Posted on:1982-04-06Degree:M.AType:Thesis
University:York University (Canada)Candidate:Bernhardt, Christopher DFull Text:PDF
GTID:2477390017465694Subject:Psychology
Abstract/Summary:
The elementary purpose of the thesis is to show that the theoretical bases of certain of the behavioural sciences, specifically comparative (or animal) psychology and sociology, can be analyzed in terms of the fundamental concepts of biology. The purpose is to indicate that the same theoretical assumptions, problems, and indeed solutions, arise in both biology and the behavioural sciences.;In the second chapter, two basic metaphysical theories of natural order are outlined, viz., that of Aristotle, positing continuity and causal necessity, and that of Peirce, positing discontinuity and chance or causal indeterminacy. It is then argued that the modern physical, and especially biological, concept of information, as distinct from energy, assumes a natural order that is discontinuous rather than continuous.;The third chapter pertains to the problem of ontogenesis in biology and the behavioural sciences.

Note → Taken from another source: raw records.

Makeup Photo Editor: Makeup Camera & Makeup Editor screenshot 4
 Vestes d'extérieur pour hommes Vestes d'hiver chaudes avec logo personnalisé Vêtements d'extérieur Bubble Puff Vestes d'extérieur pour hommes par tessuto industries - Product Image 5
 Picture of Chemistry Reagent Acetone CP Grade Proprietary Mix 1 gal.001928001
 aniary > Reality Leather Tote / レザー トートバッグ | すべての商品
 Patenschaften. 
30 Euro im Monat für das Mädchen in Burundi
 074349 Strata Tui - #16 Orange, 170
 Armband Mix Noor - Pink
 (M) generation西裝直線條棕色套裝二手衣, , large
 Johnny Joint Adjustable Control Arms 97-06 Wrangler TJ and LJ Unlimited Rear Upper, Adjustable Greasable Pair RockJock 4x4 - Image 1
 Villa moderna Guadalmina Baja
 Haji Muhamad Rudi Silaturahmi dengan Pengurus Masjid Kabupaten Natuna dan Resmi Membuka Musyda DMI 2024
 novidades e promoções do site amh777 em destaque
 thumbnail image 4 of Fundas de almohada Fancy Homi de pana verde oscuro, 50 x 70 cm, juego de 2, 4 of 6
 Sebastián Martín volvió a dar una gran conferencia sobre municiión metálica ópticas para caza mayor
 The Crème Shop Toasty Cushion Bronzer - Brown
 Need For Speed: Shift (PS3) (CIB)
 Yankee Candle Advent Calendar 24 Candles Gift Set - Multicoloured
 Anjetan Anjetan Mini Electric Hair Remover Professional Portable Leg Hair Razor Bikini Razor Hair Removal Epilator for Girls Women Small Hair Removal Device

It is maintained that theories in these disciplines can assume either energic or informational analytic objects. If the former, change is construed ahistorically as a simultaneous relation between functions; is the latter, change is seen historically as a regularization of chance events.;The fourth chapter deals with the problems of telogenesis (or adaptation) and morphogenesis (or development) in biology and the behavioural sciences. It is averred that both theories of telogenesis and morphogenesis can assume either Aristotelian causation, or Peircean chance, as their basic causal rules. (Abstract shortened by UMI.).;The first chapter deals with Karl Popper's distinction between the logic and the psychology of science. Contra Popper, it is argued that the meaningful content, as well as truth-functional form, of theory is non-psychological, and that theory may have a pragmatic epistemological status in the discovery phase, prior to empirical testing.